A $1.8 million federal grant has been awarded to the City of Clinton to help pay for water and sewer hookups to a planned $200 million investment: a 20-million-gallon-a-year cellulosic biofuel refinery in the Sampson County community.

The project, first made public in 2012, is expected to start in October and be operating at full capacity around the end of 2016.

The newest grant was from the United States Economic Development Administration. The project also involves the U.S. Department of Agriculture, the Italian owned engineering and technology company Biochemtex, and Novozymes, which has developed the enzymes used in the refining process at its $500 million North American headquarters in Franklinton.

The North Carolina-based Murphy-Brown and BB&T have also reportedly partnered in the project.

The North Carolina ethanol plant will use the same PROESA technology being used in the world’s first commercial-scale cellulosic ethanol plant, which is already in full-scale operation in Crescentino, Italy. The process, developed by Beta Renewables, a subsidiary of Biochemtex, is also being used in a 22-million-gallon-a-year plant built by Gran Bio in Brazil. That facility is expected to start production in the next few months.

The new Clinton biorefinery is expected to create 65 full-time jobs paying an average annual salary of over $48,000, a significant increase from the Sampson County average of $30,822. It will also present opportunities for some 250 farmers and other suppliers in the economically stressed Southeastern and Eastern regions of the state.

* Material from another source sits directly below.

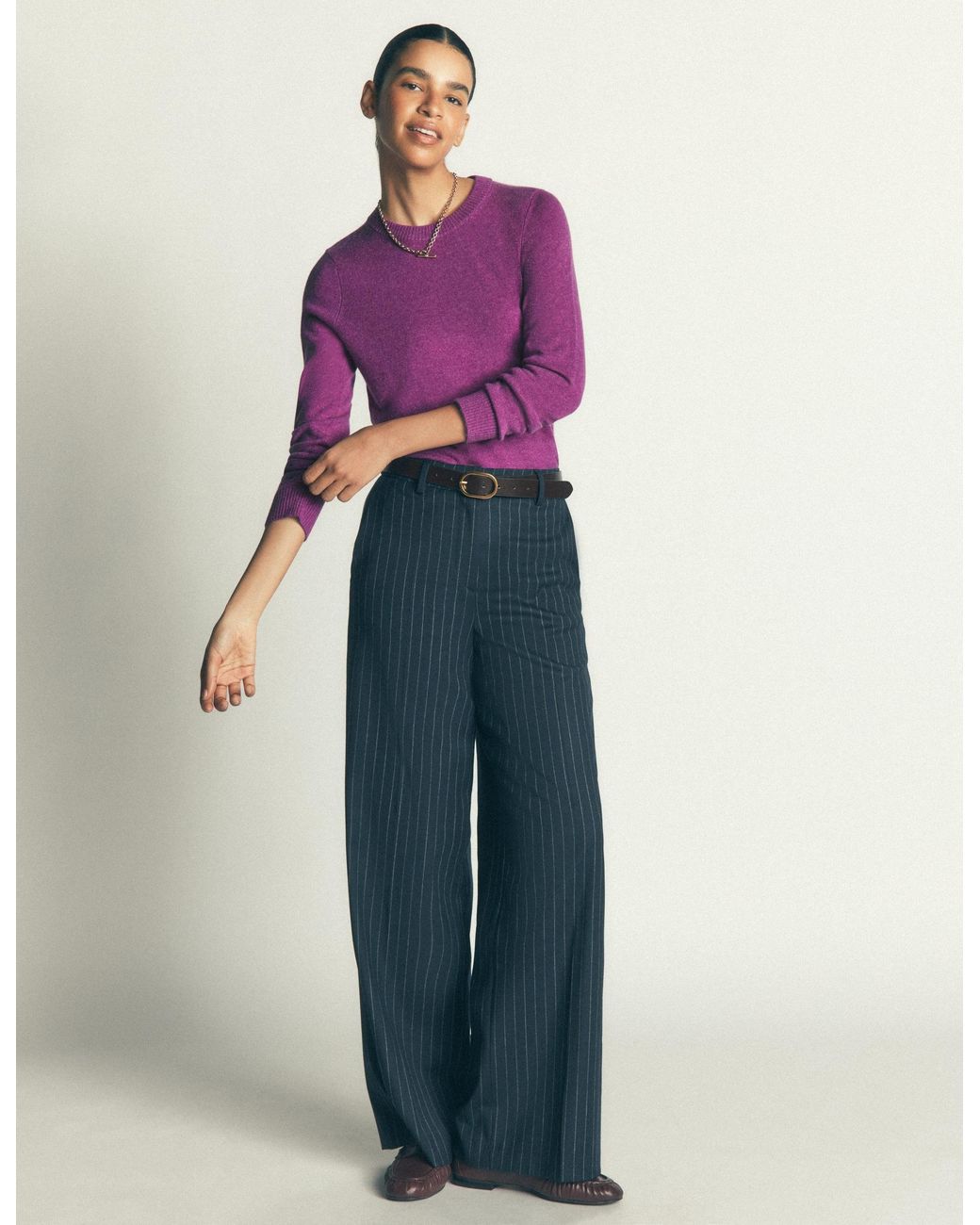 Boden Purple Elsie Cashmere Crew Jumper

The biofuel refinery is expected to use a range of different energy grasses, including switchgrass, biomass sorghum, miscanthus and Arundo donax, also known as giant reed, as well as agricultural residues and wood chips. Specialists at North Carolina State University have been working on developing plants to maximize growth on marginal farmland in the region.

The intent is not only to create new opportunities for farmers without using otherwise valuable land needed for growing food crops, but also to generate lower-carbon fuels and improve the environment.

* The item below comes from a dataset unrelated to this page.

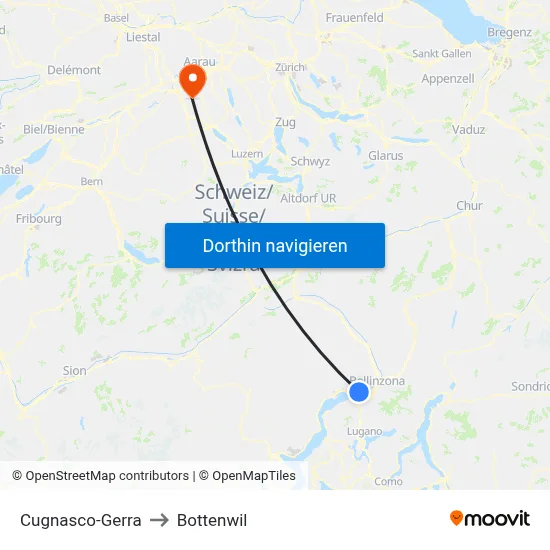 Cugnasco-Gerra to Bottenwil map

The refinery is another facet of North Carolina’s global agricultural biotechnology leadership, as the nation’s first full-scale ethanol facility relying on non-food cellulosic energy crops. The raw materials will be grown on some 30,000 acres of marginal land by farmers in close proximity to the refinery, adding to the project’s efficiency.

Researchers have been developing increasingly efficient versions of miscanthus and other crops, including sterile versions, and hardy versions that are pest resistant and capable of surviving marginal soil and water conditions.

The USDA awarded the proposed project area $3.9 million two years ago, under the federal Biomass Crop Assistance Program, to help North Carolina farmers establish at least 4,000 acres of switchgrass and miscanthus across 11 counties to help supply the new facility.

USDA officials estimate the growers will net $4.5 million a year in increased revenue.

Note: Jim Shamp is Director of Media Relations for the North Carolina Biotechnology Center.